● **EXERCISE**: Give a verbatim copy of the lines below, minus the pictures.

● **SUPPLIED MATERIAL**:
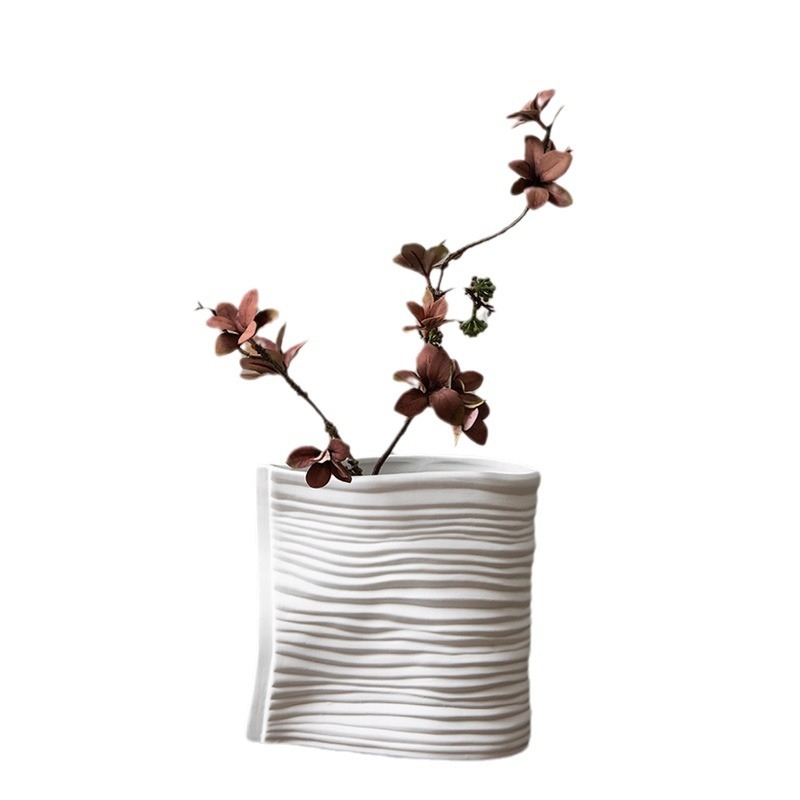 Κεραμικό βάζο διακοσμητικό – Premium Nordic στυλ για σαλόνι, διακόσμηση με αποξηραμένα λουλούδια, οικιακή διακόσμηση (Υλικό: Κεραμικό; Εισαγωγή: Όχι; Δώρο: Όχι)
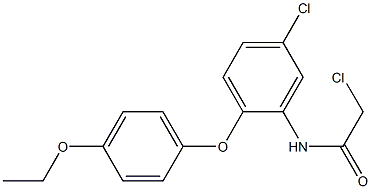 2-CHLORO-N-[5-CHLORO-2-(4-ETHOXYPHENOXY)PHENYL]ACETAMIDE 구조식 이미지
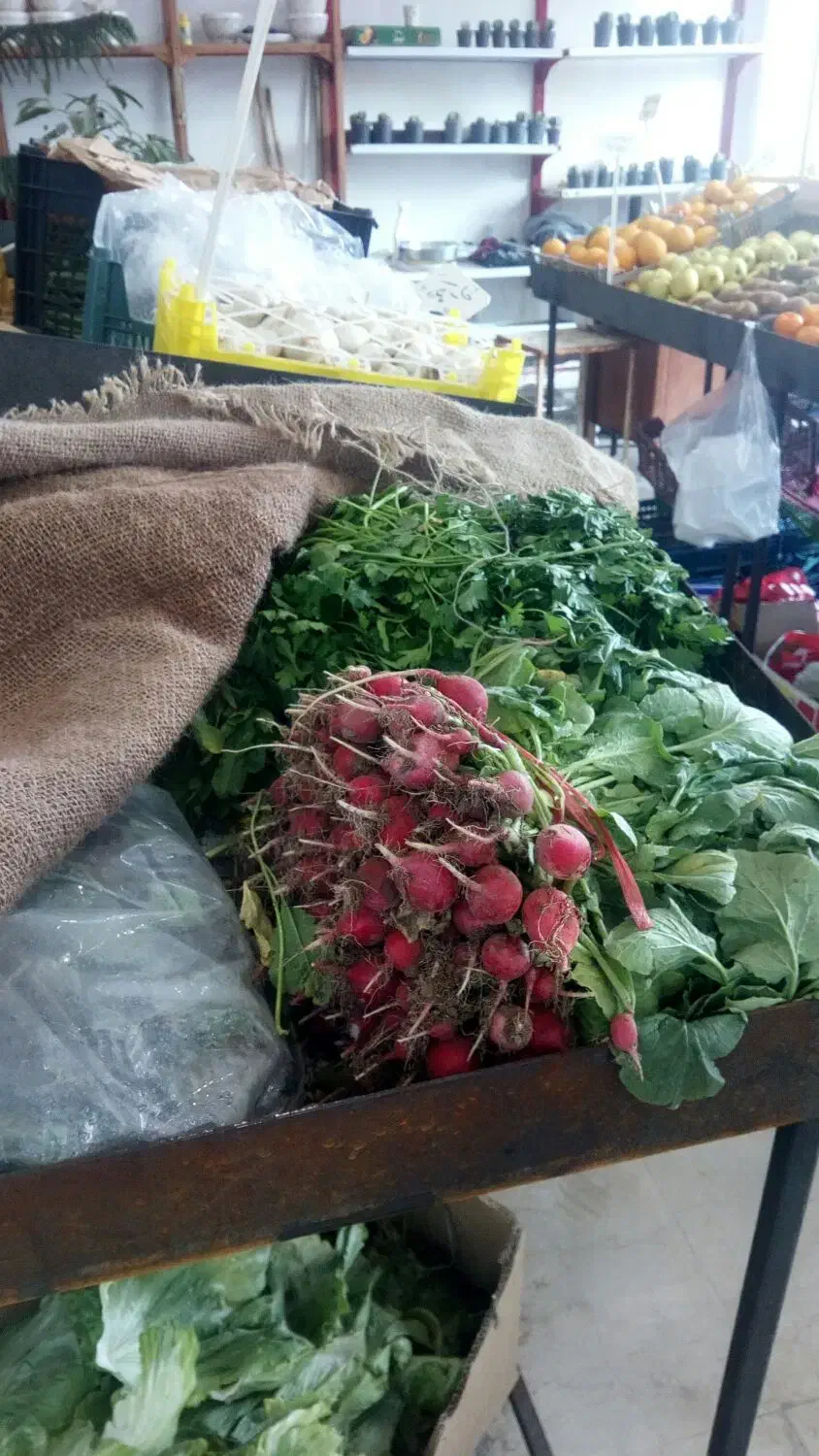 سبزی و میوه|خوردنی و آشامیدنی|کاشان, میدان کهنه|دیوار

● **YOUR RESPONSE**:
 Κεραμικό βάζο διακοσμητικό – Premium Nordic στυλ για σαλόνι, διακόσμηση με αποξηραμένα λουλούδια, οικιακή διακόσμηση (Υλικό: Κεραμικό; Εισαγωγή: Όχι; Δώρο: Όχι)
 2-CHLORO-N-[5-CHLORO-2-(4-ETHOXYPHENOXY)PHENYL]ACETAMIDE 구조식 이미지
 سبزی و میوه|خوردنی و آشامیدنی|کاشان, میدان کهنه|دیوار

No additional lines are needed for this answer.